Silent Attack vulnerability can make 500 million Android smartphones go lifeless

Researchers from TrendMicro Labs have discovered a strange vulnerability in Android devices which if exploited renders them silent. Silent here means that, the vulnerability makes the exploited Android smartphone go lifeless, unable to make or receive calls with a lifeless screen.

The Trend MicroLabs website says that this vulnerability is present in all Android smartphones and tablets from version Android 4.3 Jelly Bean to Android 5.1.1 (Lollipop). Trend has not clarified whether the the current Android M version is susceptible to the attack.

The versions Android 4.3 to Android 5.1.1 (Jelly Bean to Lollipop)  are used in almost half of the Android smartphones in circulation which means that almost 500 million Android smartphones are vulnerable to this vulnerability.

The Silent Attack

This vulnerability can be exploited in two ways: either via a malicious app installed on the device, or through a specially-crafted website hosting the PoC code.

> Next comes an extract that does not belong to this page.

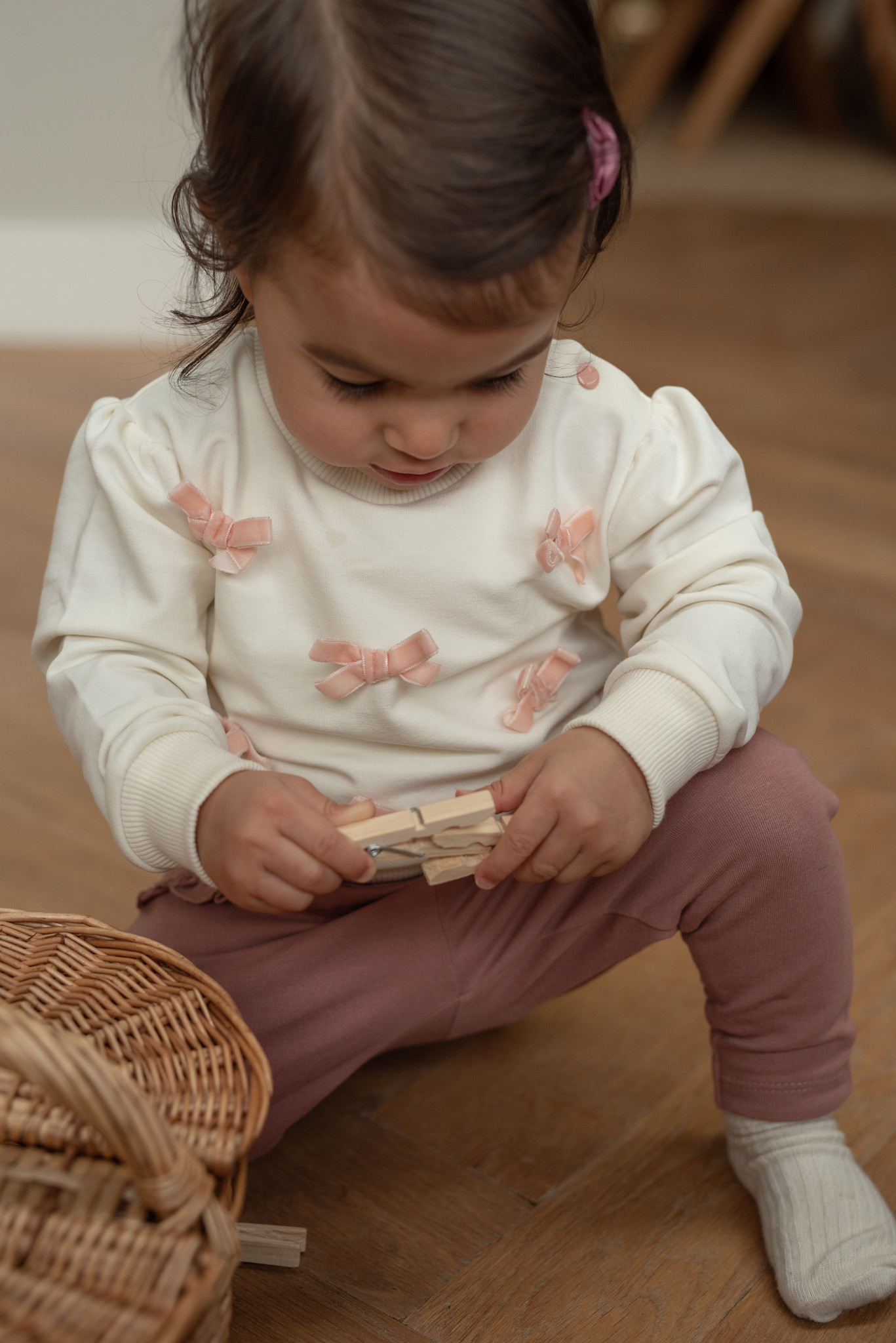 Sweater Antique White Bows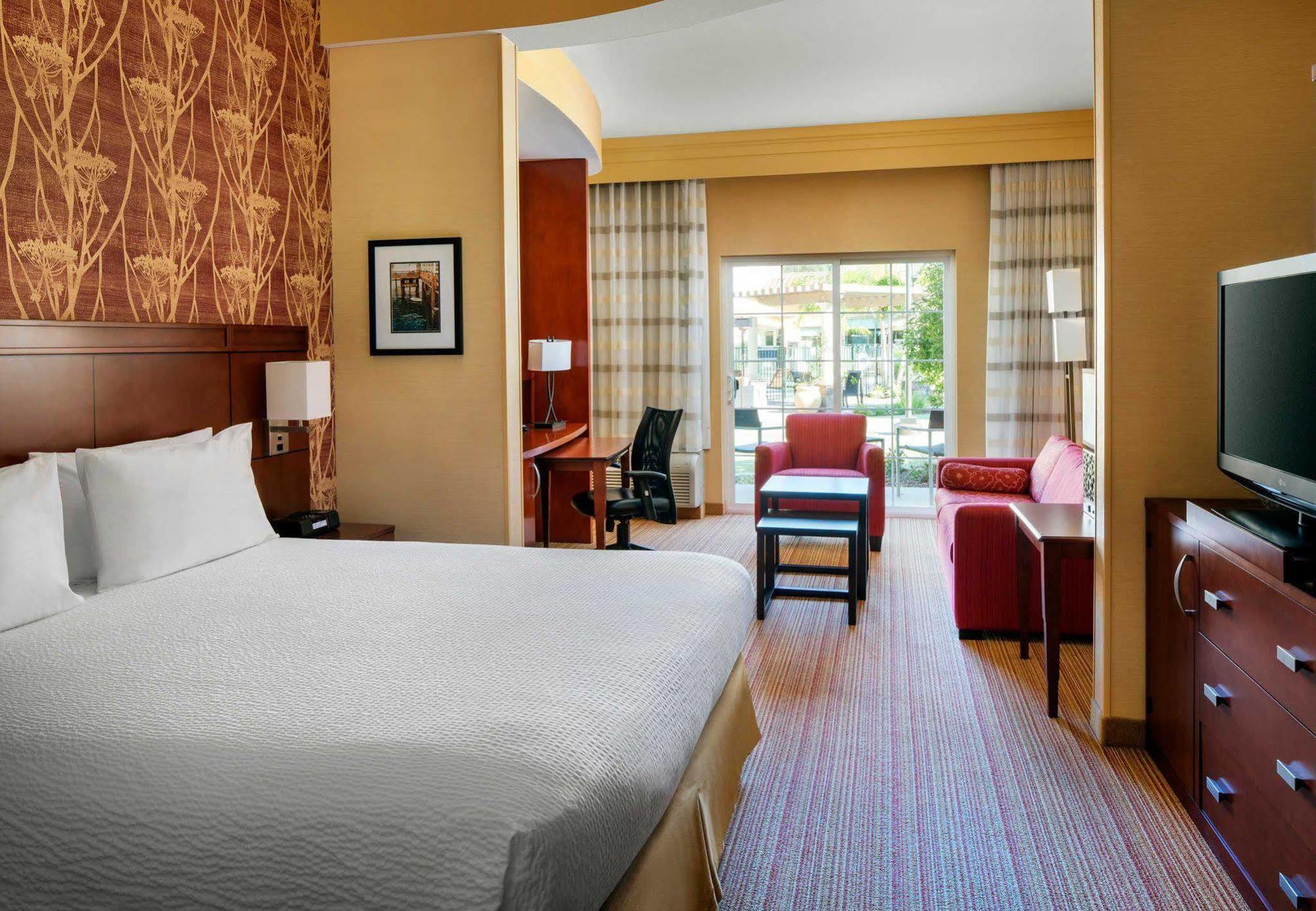 فندق Courtyard By Marriott Santa Barbara غولتا المظهر الخارجي الصورة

The first technique can cause long-term effects to the Android device because if the victim installs an app with an embedded MKV file and if such an App registers itself to auto-start whenever the Android smartphone is booted, the exploit will be triggered crashing the device.

In the second technique, the exploit is triggered when the Android smartphone owner visits a malformed website hosting the code or the device is made to visit such a website.

Trend Micro researchers say that the vulnerability lies in the mediaserver service, which is used by Android to index media files that are located on the Android device.

Once the attacker send a malformed video file to Android device, the mediaserver service cant process this video using the Matroska container which is used by files with .mkv extension.

Because of its inability to the process the malformed MKV file, the service may crash rendering the device to go lifeless.

The vulnerability is caused by an integer overflow when the mediaserver service parses an MKV file. It reads memory out of buffer or writes data to NULL address when parsing audio data.

The source code below – found in theframeworks/av/media/libstagefright/matroska/MatroskaExtractor.cpp file – shows the vulnerability in detail:

865 size_t offset = 1;
 866 size_t len1 = 0;
 867 while (offset < codecPrivateSize && codecPrivate[offset]== 0xff) {//codecPrivate is controlled by the mkv file
 868 len1 += 0xff;
 869 ++offset;
 870 }
 871 if (offset >= codecPrivateSize) {
 872 return ERROR_MALFORMED;
 873 }
 874 len1 += codecPrivate[offset++];
 876 size_t len2 = 0;
 877 while (offset < codecPrivateSize && codecPrivate[offset]== 0xff) {
 878 len2 += 0xff;
 879 ++offset;
 880 }
 881 if (offset >= codecPrivateSize) {
 882 return ERROR_MALFORMED;
 883 }
 884 len2 += codecPrivate[offset++];
 886 if (codecPrivateSize < offset + len1 + len2) {//len1 or len2 maybe 0xffffffff, then integer overflow happened
 887 return ERROR_MALFORMED;
 888 }
 890 if (codecPrivate[offset]!= 0x01) {
 891 return ERROR_MALFORMED;
 892 }
 893 meta->setData(kKeyVorbisInfo, 0, &codecPrivate[offset], len1);//crash in here

Proof Of Concept

The Proof of Concept (PoC) app is given by Trend Micro and reproduced below. It includes a malformed MKV file (res/raw/crash.mkv) to demonstrate how this attack functions. Once the app is started, the mediaserver service will keep crashing.

Silent Attack : Mediaserver vulnerability in Android smartphones running on Jelly Bean to Lollipop renders them lifeless

Figure 1. The mediaserver service continuously restarting after the exploit is triggered

This will cause the device to become totally silent and non-responsive. This means that:

  • No ring tone, text tone, or notification sounds can be heard. The user will have have no idea of an incoming call/message, and cannot even accept a call. Neither party will hear each other.
  • The UI may become very slow to respond, or completely non-responsive. If the phone is locked, it cannot be unlocked.

In many ways this vulnerability is similar to the Stagefright attack we reported yesterday. The Stagefright attack is also triggered due to the specific way in which Android OS ecosystem handles the media files. The only difference is that Stagefright attack vulnerability effects nearly all Android smartphones but the Silent attack vulnerability affects only versions from Jelly Bean to Lollipop and how both vulnerabilities handle the media files.

Trend MicroLabs says they informed Google (Android Engineering Team) about the vulnerability in May 2015 but as of now no patch has been issued in the Android Open Source Project (AOSP) code by the Android Engineering Team to fix this vulnerability.